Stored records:
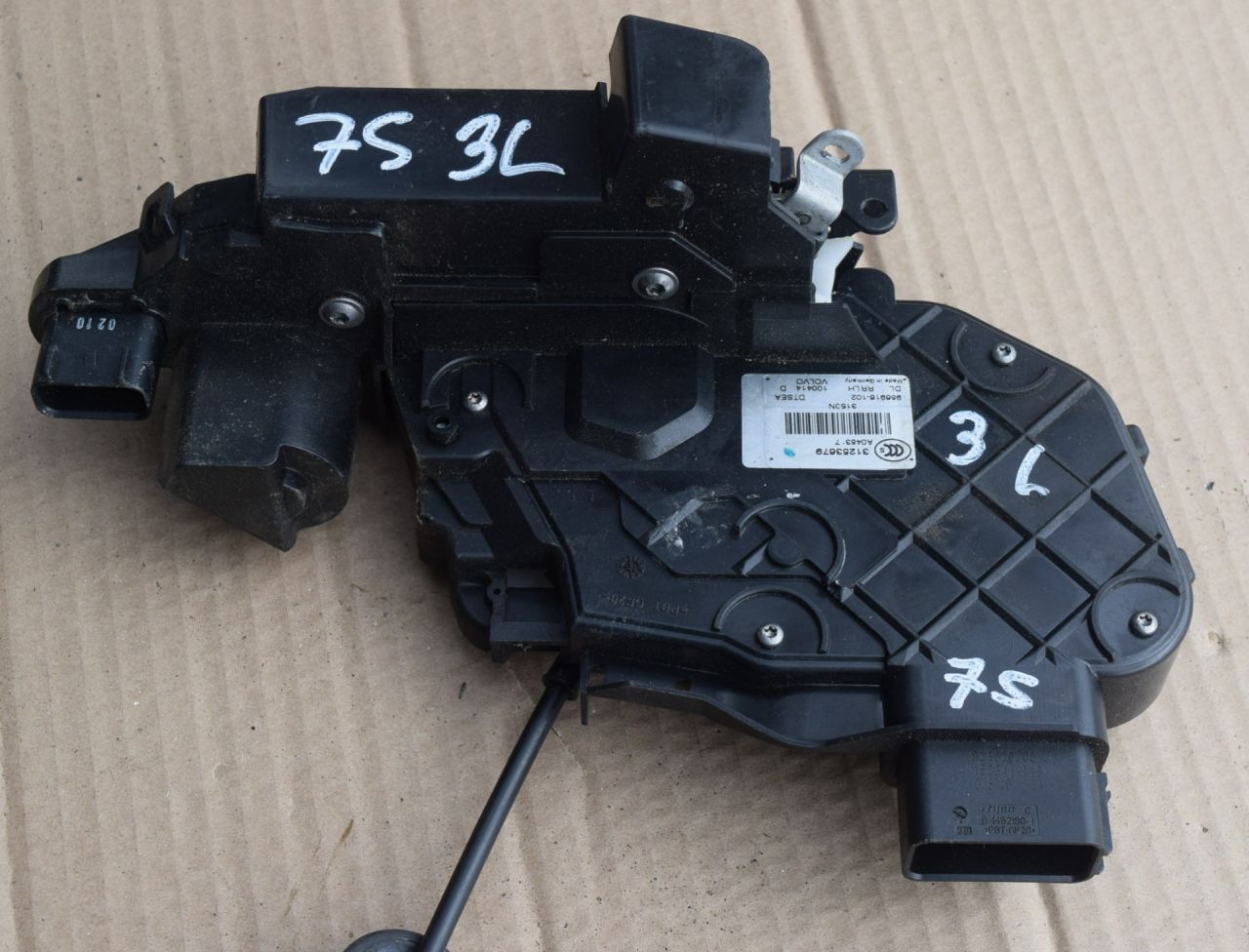 замок двери задней левой Volvo XC70 2 поколение 2011, 2.4 л., D5, D 5244 T10, дизель, АКПП, универсал, полный подключаемый привод, 31253679 - фото №1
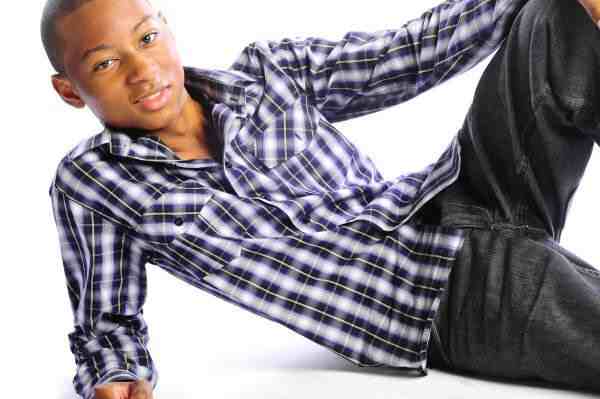 Male model photo shoot of Andre19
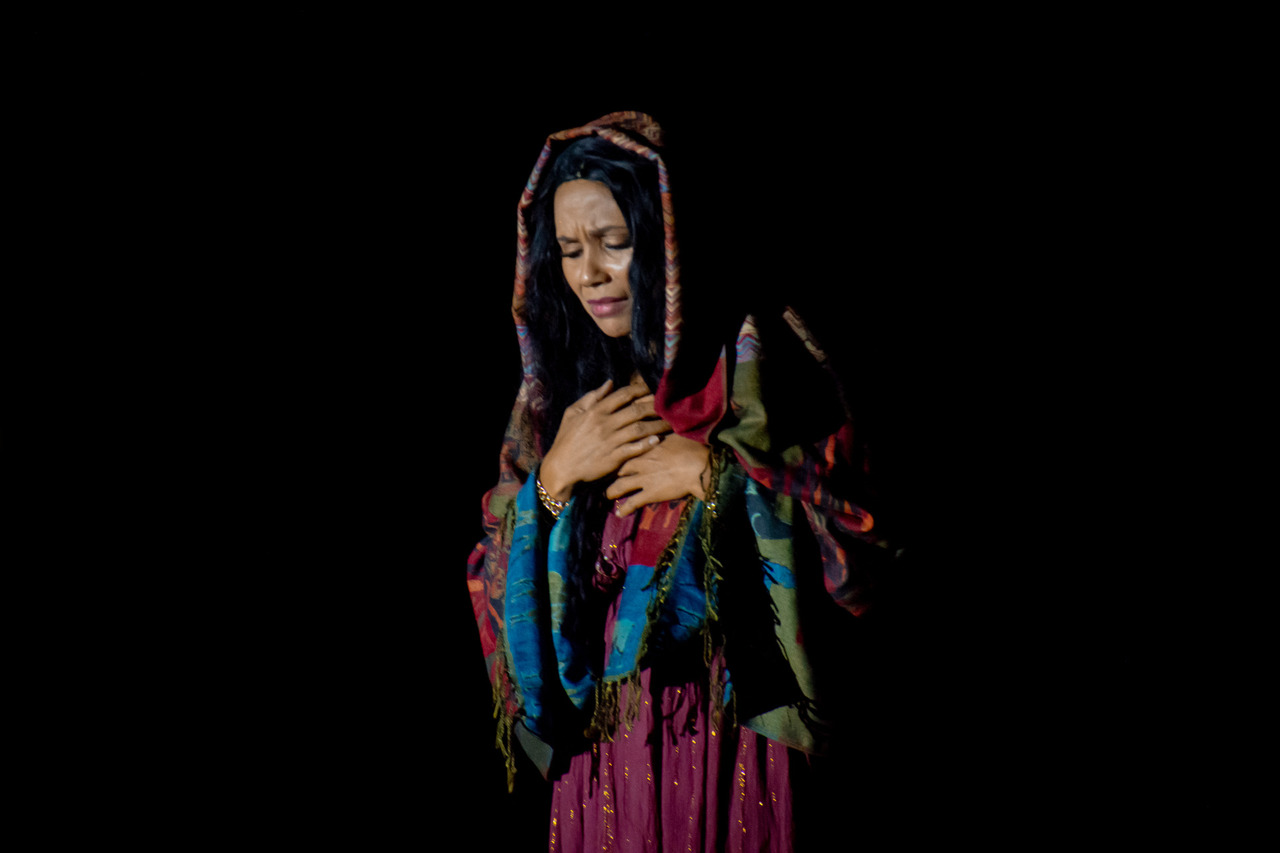 A luz dramática realça a expressão de devoção e a conexão espiritual.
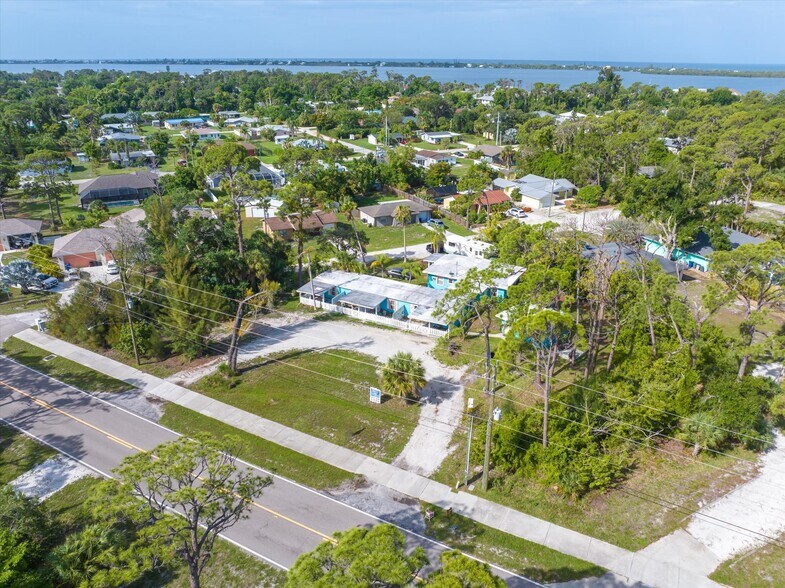 More Photos Of 600 Old Englewood Rd, Englewood Apartments For Sale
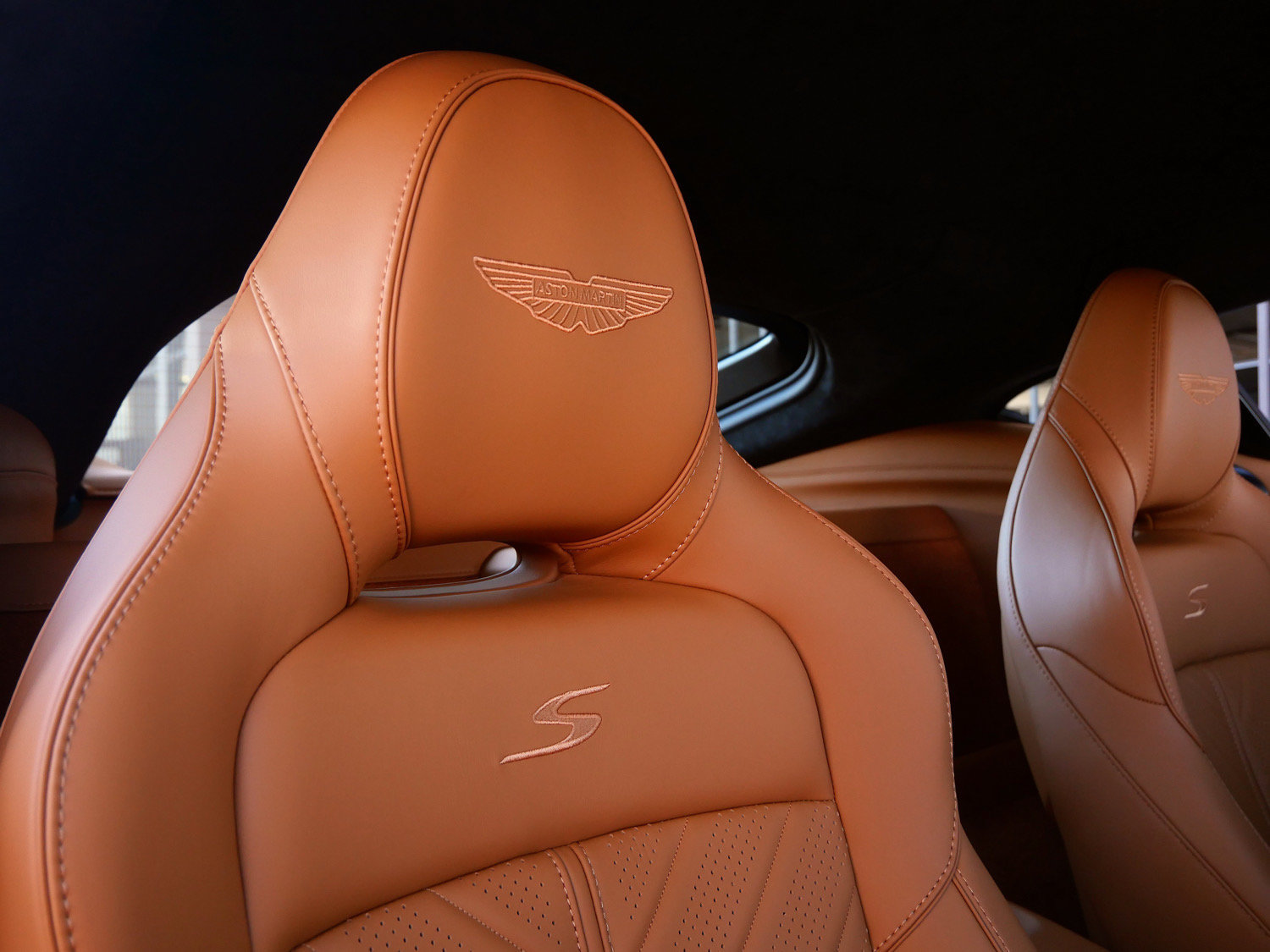 New 2026 Aston Martin V8 Vantage S RWD image 5
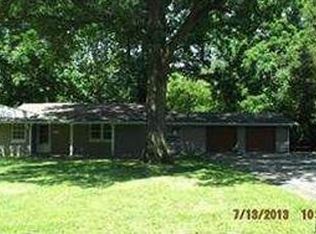 553 Ford Dr, Saint Louis, MO 63135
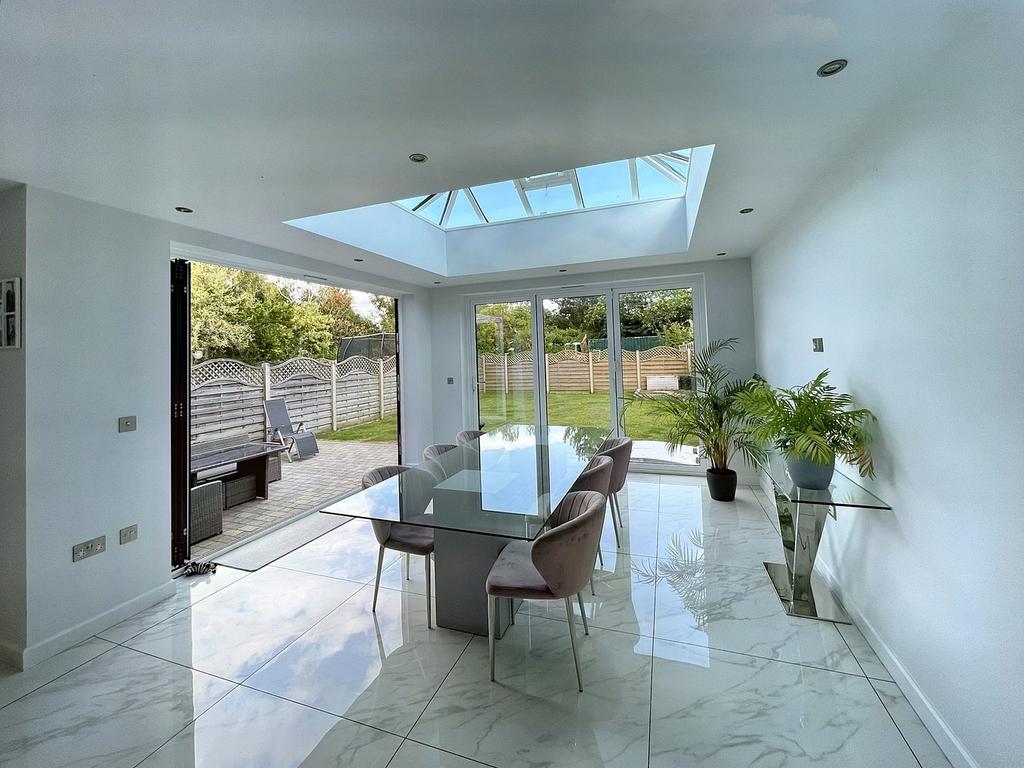 Chislehurst Road, Orpington BR5 5 bed detached house for sale £1,375,000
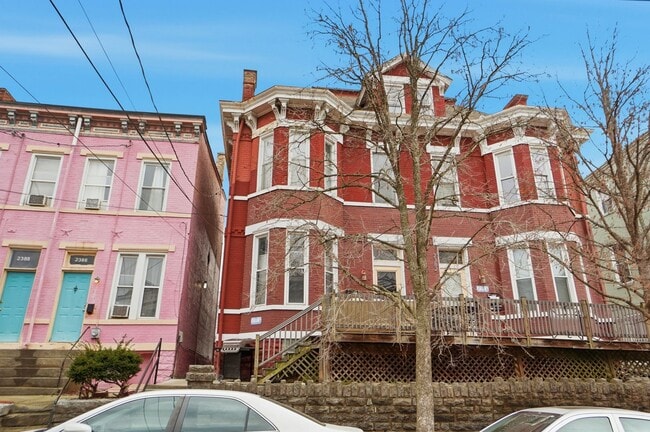 Photo - 6 bed/2 bath on Wheeler St., Mins. from UC for Only $650/pp ($3900/mo)!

Task objective: Output the entries exactly and keep every picture out of them.

Answer to this problem:
 замок двери задней левой Volvo XC70 2 поколение 2011, 2.4 л., D5, D 5244 T10, дизель, АКПП, универсал, полный подключаемый привод, 31253679 - фото №1
 Male model photo shoot of Andre19
 A luz dramática realça a expressão de devoção e a conexão espiritual.
 More Photos Of 600 Old Englewood Rd, Englewood Apartments For Sale
 New 2026 Aston Martin V8 Vantage S RWD image 5
 553 Ford Dr, Saint Louis, MO 63135
 Chislehurst Road, Orpington BR5 5 bed detached house for sale £1,375,000
 Photo - 6 bed/2 bath on Wheeler St., Mins. from UC for Only $650/pp ($3900/mo)!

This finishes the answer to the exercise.